In the unlicensed bands, primarily 5.8 GHz is used for multi-point systems.  The benefit of this band for multi-point is that non line-of-sight connections are achievable, so that, in the right conditions, a large number of sites can be backhauled from a single hub site. However, there is limited spectrum in this band, typically <50 MHz, limiting the total capacity that would be available.  This limitation means the maximum available capacity would be about 400Mbps, and that would need to be split across multiple sites.  This capacity would decrease if there is interference in the band, or if line of sight blockage drives lower modulations to be utilized.  If 200Mbps is needed per site, then a maximum of two sites could be aggregated per sector, and in many cases it may only be a single site. 

The unlicensed nature of the 5.8GHz bands results in unpredictable link availability for each of the end sites, which may often not be suitable for mobile backhaul.  Lastly, the 5.8 GHz band is a TDD band. When this is combined with multi-point, and interference, delays can be 5-10ms, making it unsuitable for LTE backhaul.  These capacity, availability, and latency limitations are not evident in lab trials and can only be fully understood in a street level urban deployment, where interference, spectrum congestion and line-of-sight blockage are present.  Moreover, the limitations vary between deployments and cannot be anticipated.  In fact, they will change significantly throughout the life of a deployment, making the delivered service very unpredictable and unreliable.

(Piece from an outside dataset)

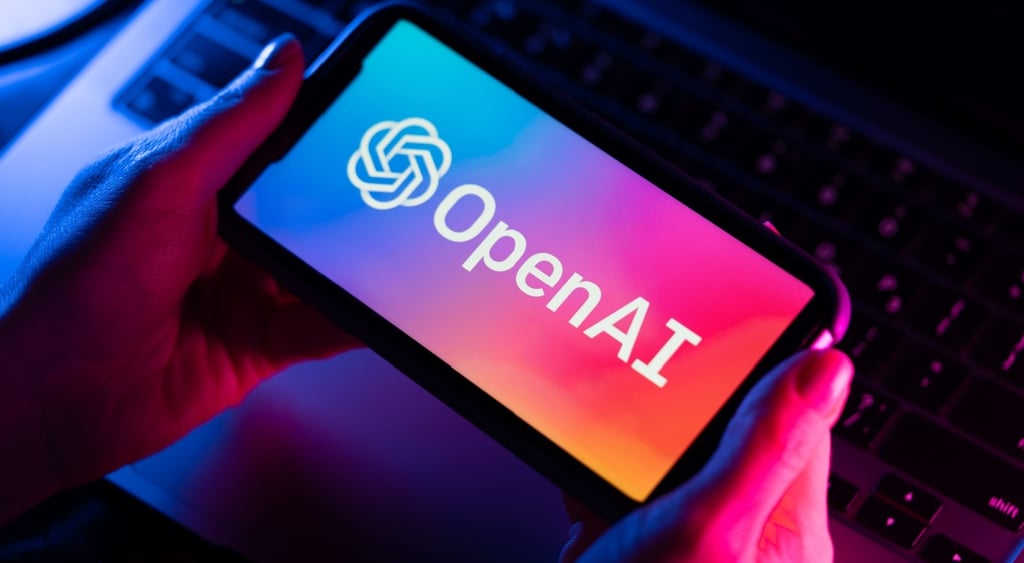 OpenAI ChatGPT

In the licensed bands, typically from 24-42 GHz, many countries have area licenses available with a large amount of spectrum.  Due to the licensed nature, services deployed in these bands are much more predictable and have high availability.  Also, with the large amount of spectrum, higher capacity services are also feasible.  Although, as with all multi-point systems, when more end point sites are deployed, lower capacity per site is available.  If 100MHz were deployed on each site, 800Mbps-1 Gbps could be available for the sector, thus enabling up to 200 Mbps per site if five sites are on that sector. 

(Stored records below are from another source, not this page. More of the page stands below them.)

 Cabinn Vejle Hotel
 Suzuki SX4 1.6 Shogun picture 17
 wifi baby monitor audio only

The major hurdle with licensed multi-point for small cells is that line-of-sight is required.  This is very difficult to achieve in an urban environment.  Although it may be possible to find high mounting locations that have line-of-sight to one or two street level locations, there are almost no locations that will consistently have line-of-site to more than two desirable street-level small cells.  When a multi-point system is limited to only one to two end points, the economics of the central unit become very detrimental to the business case.  In addition, a high number of central units will be required, and that inefficient use of spectrum will start to reduce the capacity per site that is available.  Licensed multi-point systems also introduce higher delay, typically one ms or above, which may often make them unsuitable for LTE advanced services, and very likely unsuitable for future 5G services.

Although multi-point systems have some very attractive characteristics for small cell deployments, especially in network studies and controlled trials, many of those benefits erode when being used in an actual urban environment.  It is important to thoroughly test these systems, and understand the performance limitations and resulting economics in true street-level environments before building a network based on them.